Have you ever asked yourself how it would feel like to lose consciousness? I have been under general anesthesia for a major operation a few tears ago, and I know how it is to be unconscious. But imagine being like that for all eternity? Or even imagine never having been born and becoming conscious at all. What would it feel like never having come into being at all? Consider exclusive consciousness. Have you ever asked yourself why your consciousness is limited only to your particular identity? Why can I not experience your particular kind of consciousness and you experience mine? Could it not have been possible to have a world where I could enter into someones consciousness as well? Why the exclusivity? Consider existence. Take a look around you. Take a breath. Blink. The world exists. You exist. But could it have been possible to have no world that existed? Could it have been possible to have no you that existed? But you do. And there is something rather than nothing. Why? Consider meaning. What does it mean to mean something? We communicate using words and symbols that mean something. Could it have been possible to have a world devoid of meaningful communication? And yet why do we have such a world? How did the universe know that communication would be an important component of life? Consider dignity. We fight for human rights and we are outraged whenever a child is raped, sold into slavery and/or beaten mercilessly in the hands of unscrupulous people. Why? If you told a serial murderer and child molester that human beings have inherent dignity, how would you convince him that it was so? Where do we get dignity in the first place?

Consider knowledge. How do we know that we know something? Could it have been possible for the world to come to be without having to need knowledge? What are thoughts in the first place? Consider space and time. Where does the universe end? And if it doesnt end, can such a place truly exist? But if the universe has an end, what lies beyond it? Did the universe have a beginning? If so, what was there before then? And was there time before the universe came to be? All these I have pondered since I was in kindergarten. I even remember asking my nursery mates some of them.
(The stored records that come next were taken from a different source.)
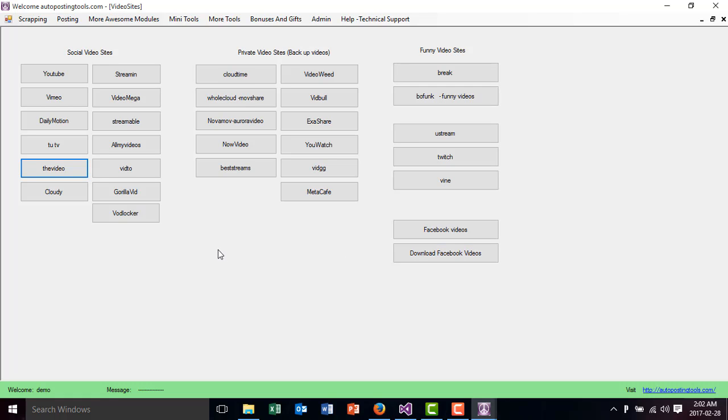This module you can get on autopostingtools.com and it's going to contain all the different video sites which you can upload your content.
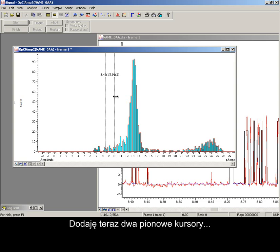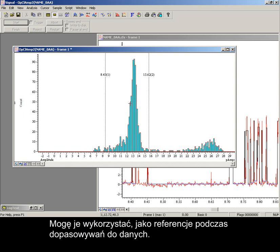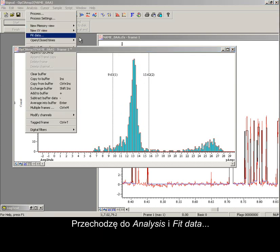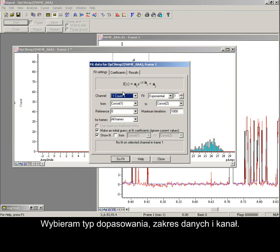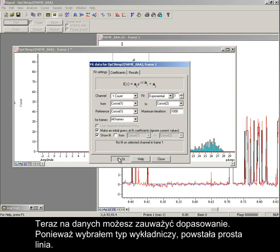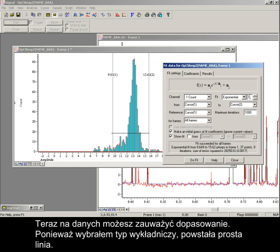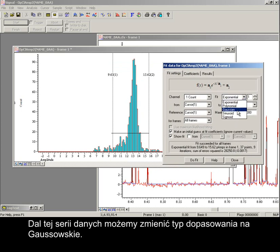Adding two vertical cursors now, I can use these as references for a fit to the data. To analysis and to fit data: select the type of fit, the range of data to fit, and the channel. Now you can see the fit drawn on the data. As the type of fit was set to exponential, it has produced a straight line. For this data series, we can change to a Gaussian fit.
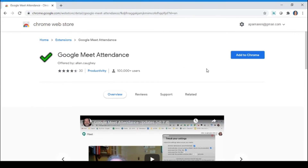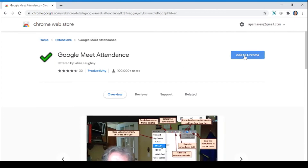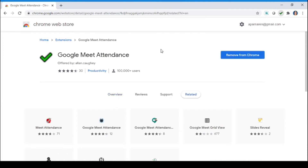Click on 'Add to Chrome'. Your extension has now been added. The tick mark shown on the Google Chrome page confirms that the extension has been successfully added.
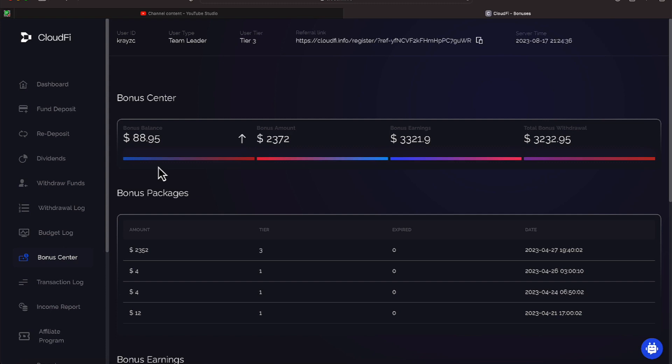All right, but anyway, we have $88.95 in our bonus balance. We're going to go ahead and put that into the dashboard area for our Sunday withdrawal.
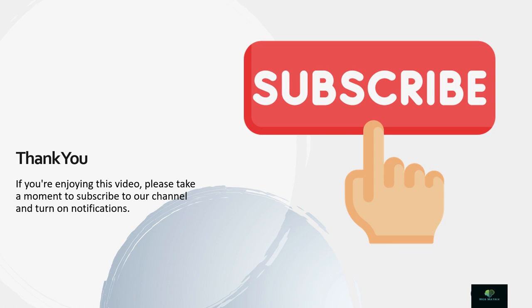By subscribing, you'll be the first to know when we upload new content, and you'll also be supporting our channel's growth. We appreciate your support and we look forward to bringing you more great videos in the future. Thanks again for watching, and we'll see you in the next one.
Although I realize that maybe part of the reason they did not understand me was that I hadnt matured enough to be able to articulate them clear enough. At a young age, my mind already felt oppressed by the questions I had posed upon myself. And for the longest time I would have nightmares and sickness in my gut because of the overwhelming uncertainty that set into my soul as I realized that I had no definitive answers to these questions at all. All this until I realized with the Psalmist that, when I thought how to understand this, it seemed to me a wearisome task, until I went into the sanctuary of God; then I discerned their end (Psalm 73:17-18). If the entire universe was the result of some random occurrence, devoid of purpose and design by a certain Maker, how could consciousness come to be? If there was nothing in the universe when time began, how could an eternally inert nothing beget something? If we are simply evolved versions of atoms in motion, why should we care what happens to a child is the victim of unconscionable and irreversible abuse? With an eternal, all-powerful, uncreated, dignified, loving, omniscient, just and good Maker, the mystery ends and the puzzle is solved. With the Biblical God, all existentially disturbing questions find their peaceful conclusions.